The Department of Homeland Security is looking for tools to help the law enforcement community better pull forensic evidence from solid state drives found in smartphones and GPS devices in particular.
The security agency said the popularity of solid state storage, and specifically solid state drives (SSD), in laptops, netbooks, cellphones and other portable devices, is presenting challenging problems for law enforcement forensic investigators. "Traditional forensic approaches utilizing write-blocking tools to image a magnetic hard drive, do not effectively translate to investigations involving NAND flash memory-based SSDs," DHS stated.
Specifically the tools DHS is looking for "should consider direct interface with the SSD controller, the controller-driven process of wear leveling, solid state manufacturer specific garbage collection, and the increasing use of the TRIM command[used to tap into solid states drives]."
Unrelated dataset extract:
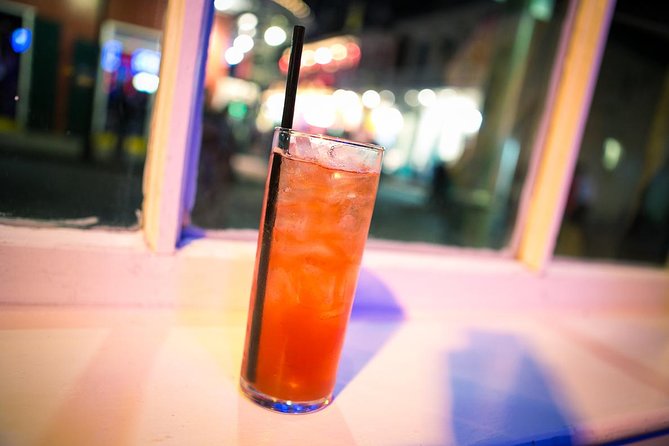 New Orleans Cocktail History Walking Tour in the French Quarter - Why this cocktail walk is more than a bar crawl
Any contracts DHS ultimately awards for the forensic technology will include the following developmental phases:
PHAZE I: Law enforcement investigators require the ability to pull evidence from SSDs in a more reliable and forensically sound manner. This will require research into methodologies for imaging and parsing of data from SSDs, particularly those utilizing the TRIM command on TRIM-enabled operating systems (OS). Research methodologies should consider the significance of the OS, any techniques for identifying tampered controllers, and the potential ability to perform user-driven data recovery operations to overcome corruption or damage. The potential future state of integrated, on-board SSS, without a separate drive, in consumer devices may also be considered in this research. The Phase I deliverable should be a method for a comprehensive memory parser for SSDs.
PHASE II: Utilizing the methodology established in Phase I, demonstrate and implement hardware and software applications for development of a comprehensive, forensically sound imaging and parsing tool that is reproducible across multiple SSDs. The tool should be developed for law enforcement and forensic examiner use and, where possible, should utilize or be delivered as, open source technology.
PHASE III: The final developed tools will be marketable to a wide variety of Federal, State, and local law enforcement agencies. It is anticipated that those tools will require support, custom extensions, and additional applications as technologies are commercially introduced.